US-Präsident Donald Trump kündigte am Samstag (17.01.2026) an, dass er Zölle gegen Dänemark und andere europäische Länder verhängen werde, die Truppen nach Grönland entsandt haben, bis der Kauf der Insel durch die USA abgeschlossen ist.
Trump drohte mit einem Zoll von 10 % ab dem 1. Februar auf Produkte aus Deutschland, Frankreich, Großbritannien, Schweden, Norwegen, den Niederlanden, Finnland und Dänemark, um Druck auszuüben, damit diese seine Pläne zur Annexion der arktischen Insel unterstützen.

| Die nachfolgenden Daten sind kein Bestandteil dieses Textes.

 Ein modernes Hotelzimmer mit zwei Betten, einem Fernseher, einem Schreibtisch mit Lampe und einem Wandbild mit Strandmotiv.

In einer Nachricht auf der Plattform Truth Social erklärte Trump, dass er plane, diese Zölle im Juni auf 25 % zu erhöhen und dass sie so lange in Kraft bleiben würden, bis eine Vereinbarung „über den vollständigen Kauf Grönlands” durch Washington geschlossen sei.
Trump erklärte, er sei bereit, „sofort mit den Ländern zu verhandeln”, denen er vorwarf, alles „gefährdet” zu haben, was Washington „für sie getan hat”.
Seit seiner Rückkehr ins Weiße Haus im Januar 2025 hat Trump Zölle als politisches Instrument gegen seine Handelspartner eingesetzt und die Zölle auf Importe aus Brasilien und Indien als Vergeltungsmaßnahme für die Behandlung des ehemaligen Präsidenten Jair Bolsonaro bzw. den Kauf von russischem Rohöl um bis zu 50 % erhöht.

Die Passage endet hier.